--- START ---

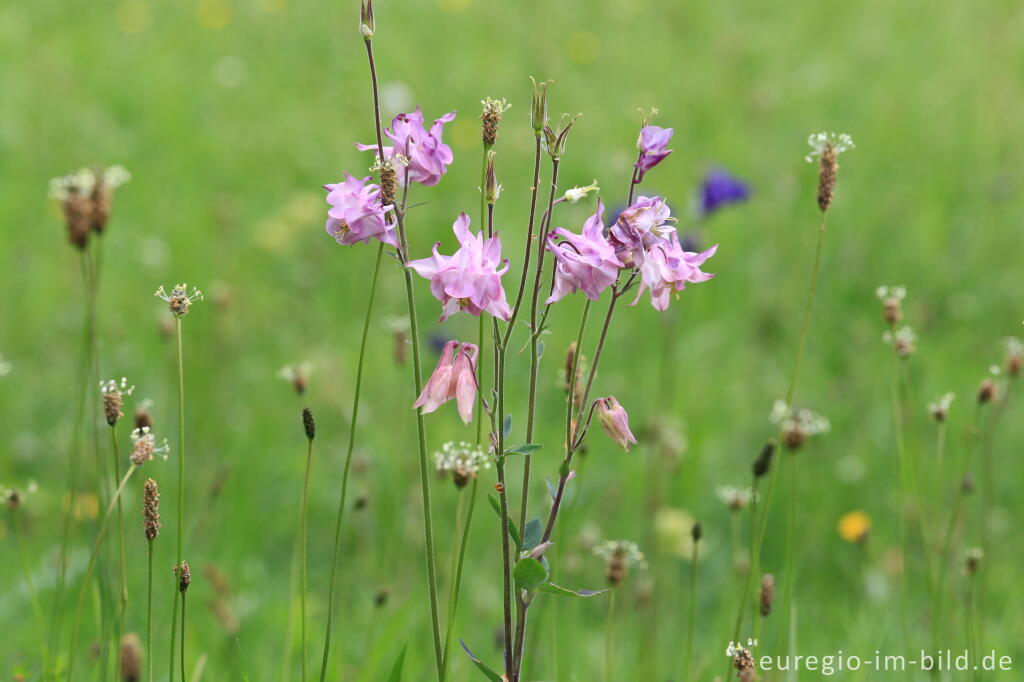 Detailansicht von Blumenwiese beim Froschberg, südlich von Blankenheimerdorf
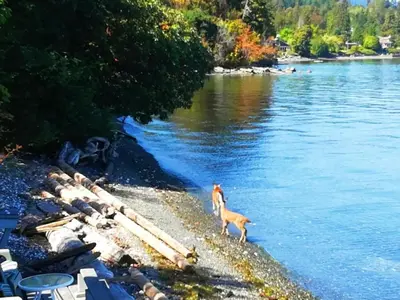 a dog standing on the shore of a river at Walkon Waterfront Castle Cove Inn in Chemainus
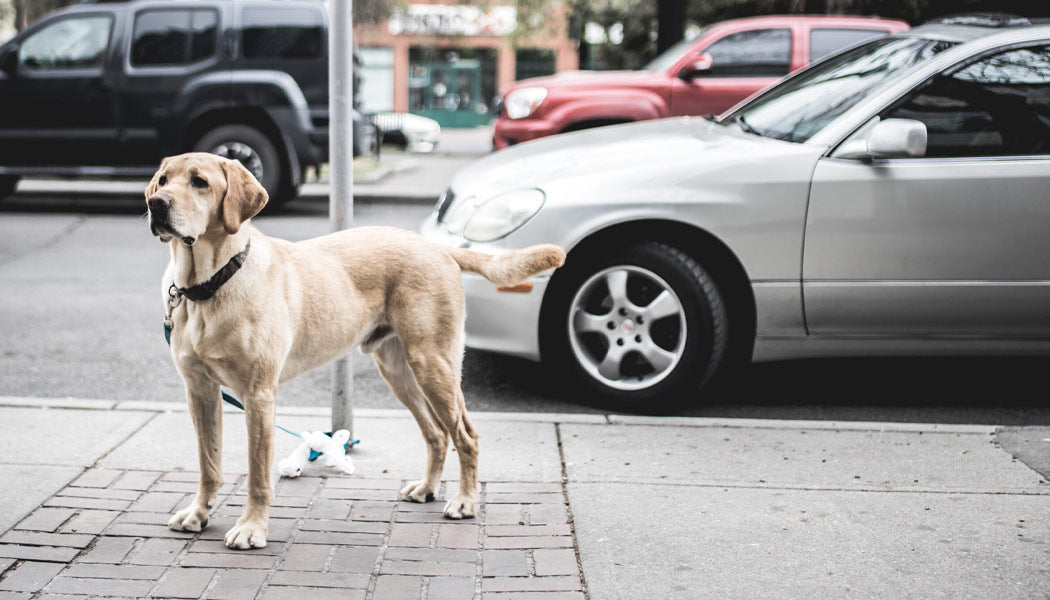 Why Won't My Dog Eat?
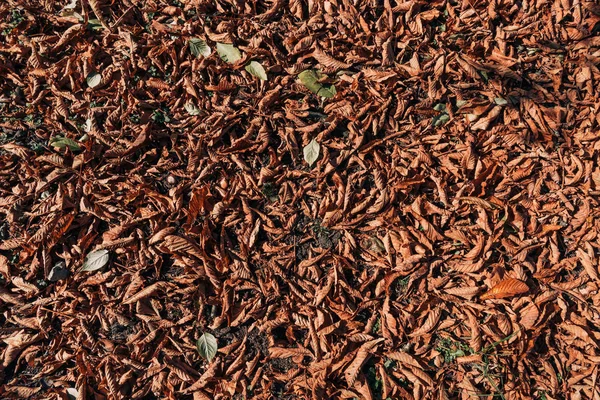 Close Dry Brown Leaves Ground — Free Stock Photo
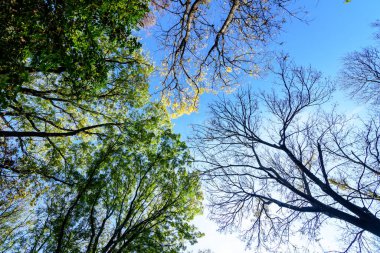 Romanya 'nın Bükreş kentindeki Herastrau Parkı' nda, güneşli bir sonbahar gününde, göl kenarındaki büyük, yeşil, sarı ve portakal ağaçlarının yer aldığı manzara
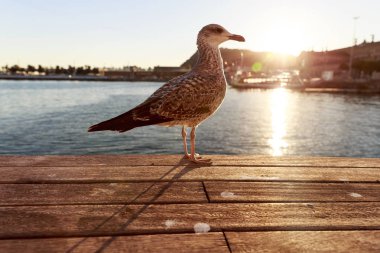 Gün batımında, İspanya Barselona liman martı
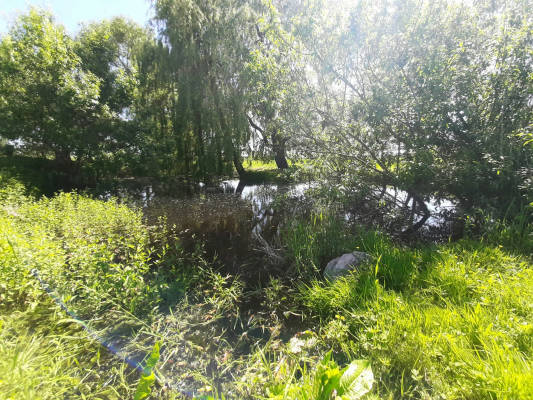 Camping on the farm by the pond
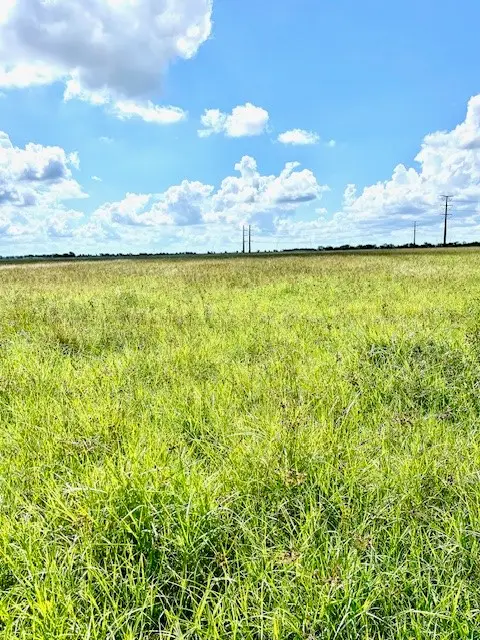 0 Fm-442, Boling Newgulf, TX 77453 - Image #3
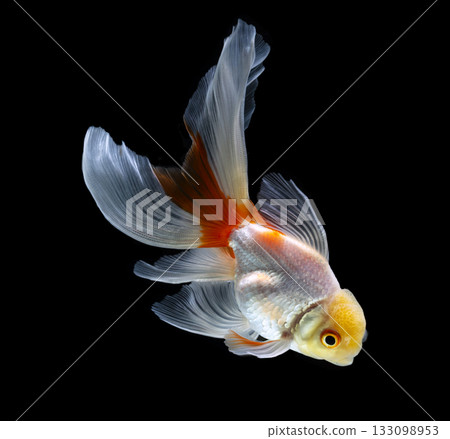 goldfish isolated on a dark black background. different colorful Carassius auratus in the aquarium goldfish isolated on a dark black background. different colorful Carassius auratus in the aquarium 133098953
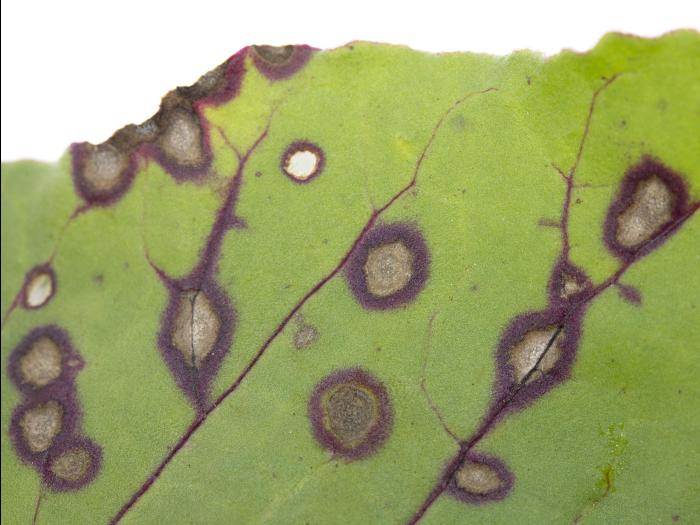 Betterave - Tache cercosporéenne (Cercospora beticola)_3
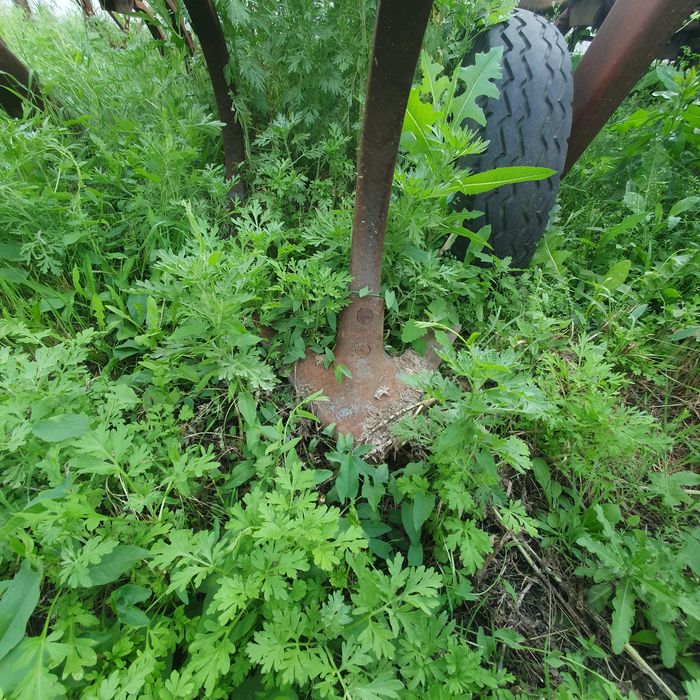 Продам культиватор КТС-10-1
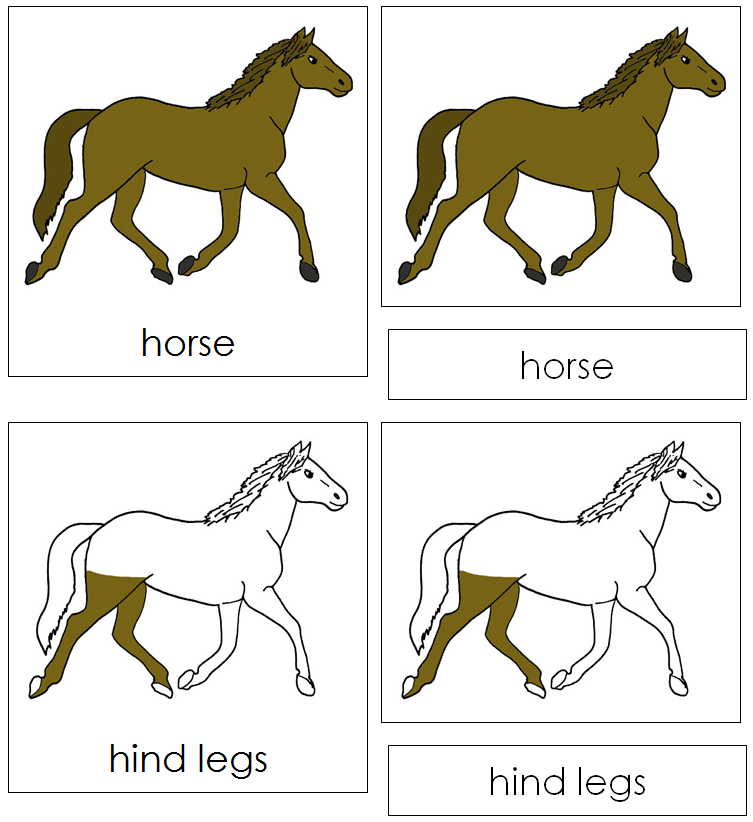 Parts of a Horse Nomenclature Cards - Montessori Print Shop Digital Download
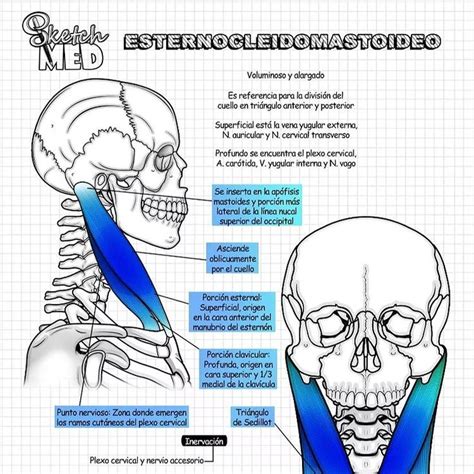 Sketch Med Dra Paola Rios En Instagram ESTERNOCLEIDOMASTOIDEO Noche De Estudio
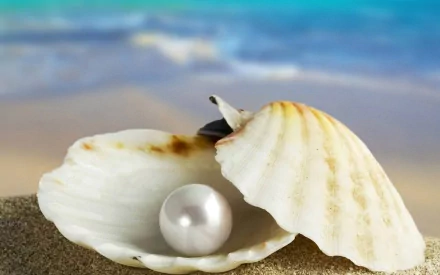 nature shell HD Desktop Wallpaper | Background Image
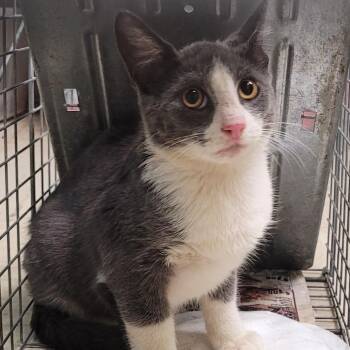 Domestic Short Hair Cats Available for Adoption - Shi | PetCurious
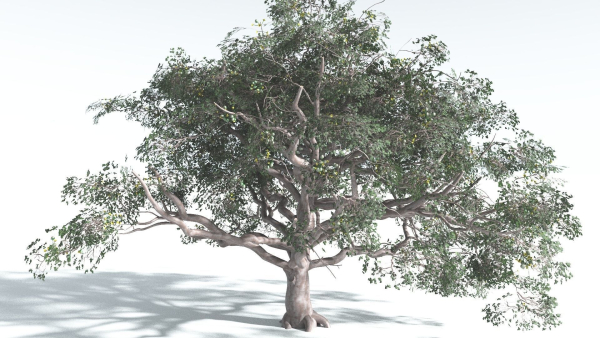 EVERYPlant Portia Tree 2 --14 Models--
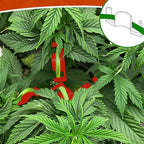 40 Pack LST Plant Training Clips – Durable & Reusable Stem Support for Low-Stress Training – Fits All Growth Stages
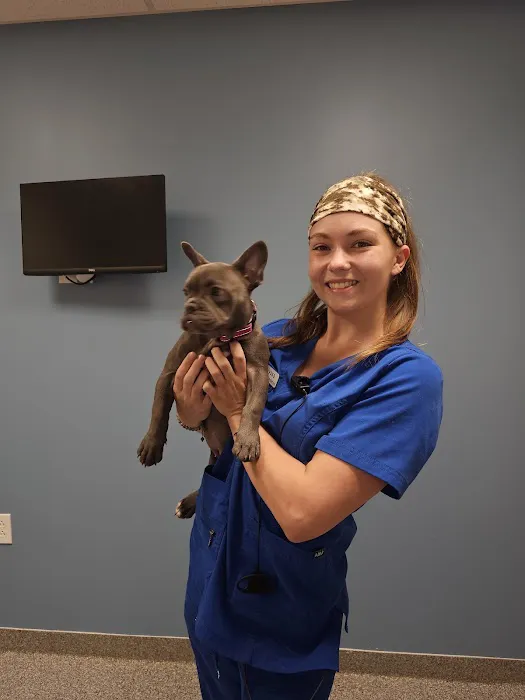 30th Street Animal Hospital Picture 5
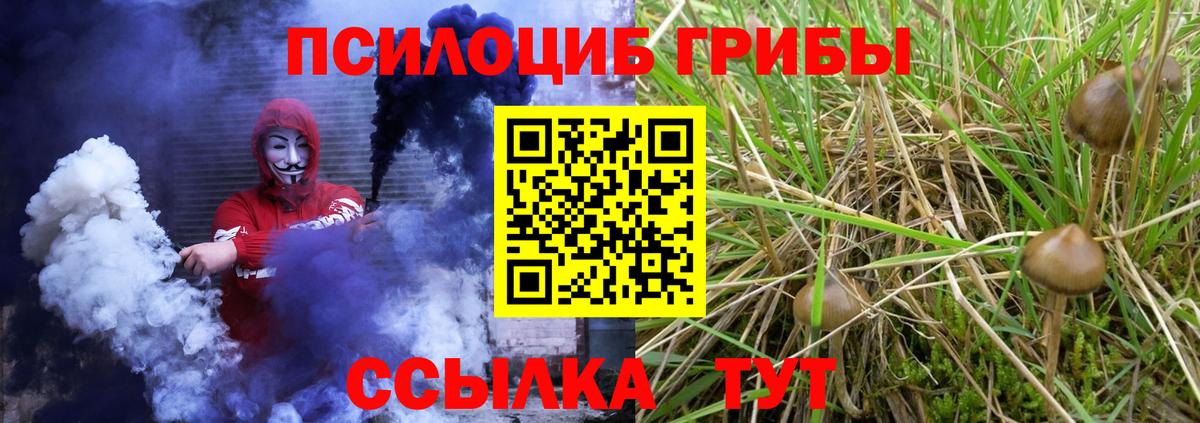 Псилоцибиновые грибы мухоморы  Вход с VPN  Тейково 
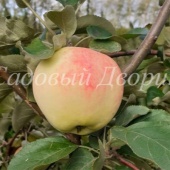 Яблоня Устойчивое (черенок)
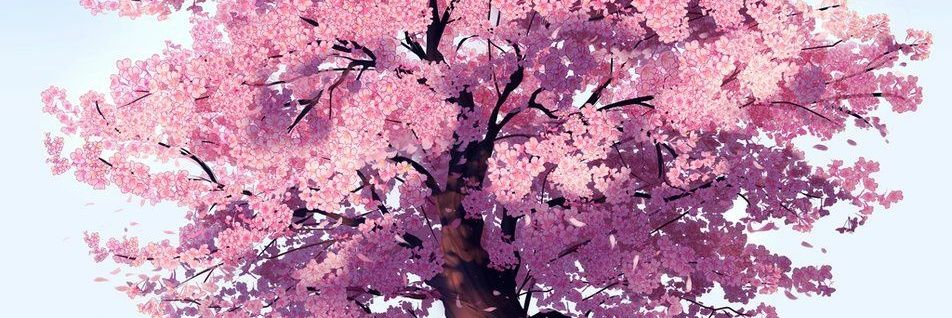 Spookysuzuki's profile banner image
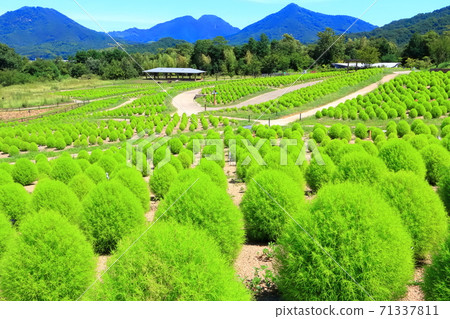 [Kagawa Prefecture] National Sanuki Mannou Park (fresh green Kokia) 71337811
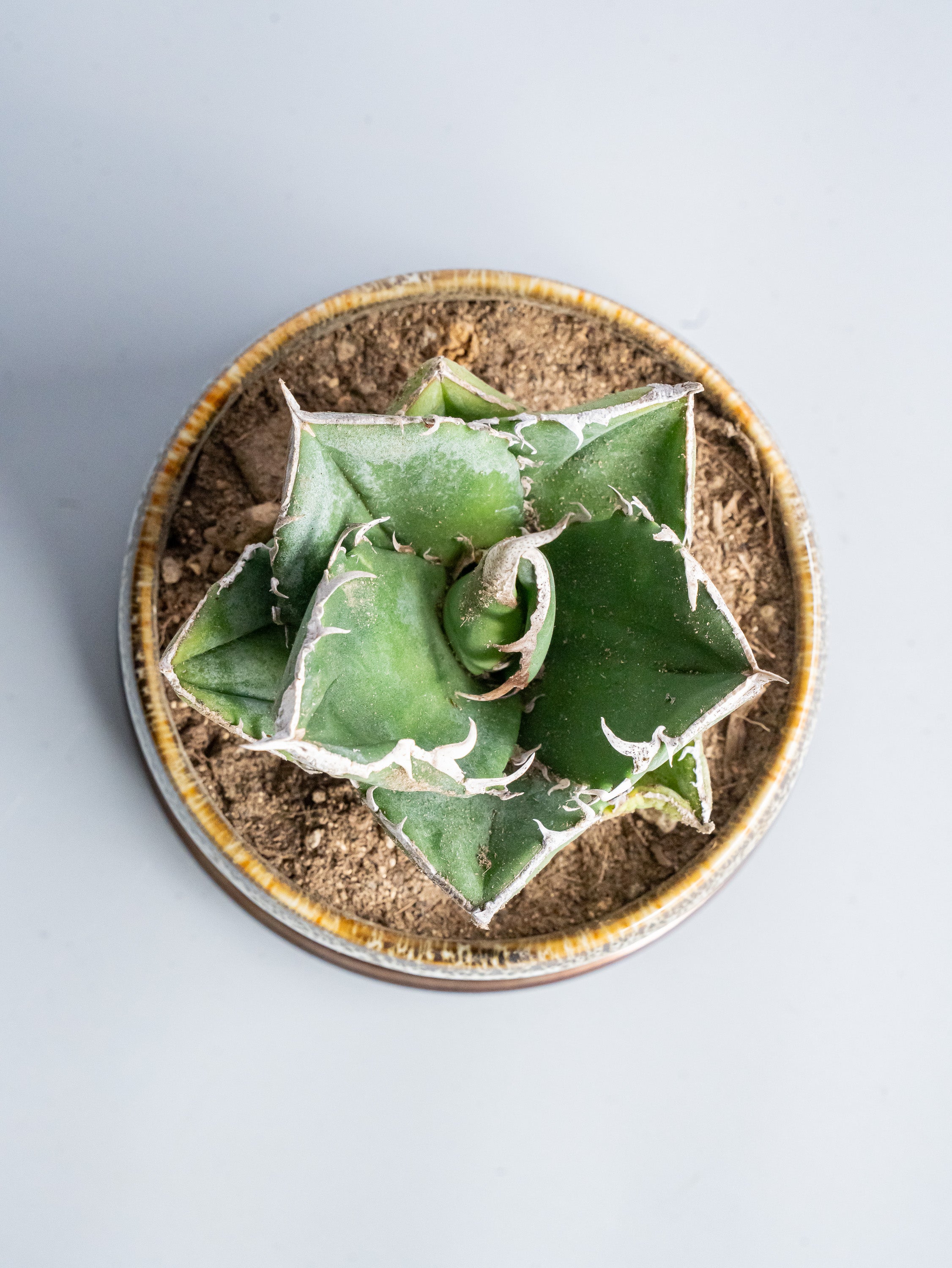 【一点もの】アガベ・チタノタ 南アフリカダイヤモンド Table-M #2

--- END ---

• _Brief_:
Start at the line containing "Close Dry Brown" above and stop at the line containing "Sketch Med Dra". Output those lines exactly, both included, but none of the pictures.

• _Result_:
 Close Dry Brown Leaves Ground — Free Stock Photo
 Romanya 'nın Bükreş kentindeki Herastrau Parkı' nda, güneşli bir sonbahar gününde, göl kenarındaki büyük, yeşil, sarı ve portakal ağaçlarının yer aldığı manzara
 Gün batımında, İspanya Barselona liman martı
 Camping on the farm by the pond
 0 Fm-442, Boling Newgulf, TX 77453 - Image #3
 goldfish isolated on a dark black background. different colorful Carassius auratus in the aquarium goldfish isolated on a dark black background. different colorful Carassius auratus in the aquarium 133098953
 Betterave - Tache cercosporéenne (Cercospora beticola)_3
 Продам культиватор КТС-10-1
 Parts of a Horse Nomenclature Cards - Montessori Print Shop Digital Download
 Sketch Med Dra Paola Rios En Instagram ESTERNOCLEIDOMASTOIDEO Noche De Estudio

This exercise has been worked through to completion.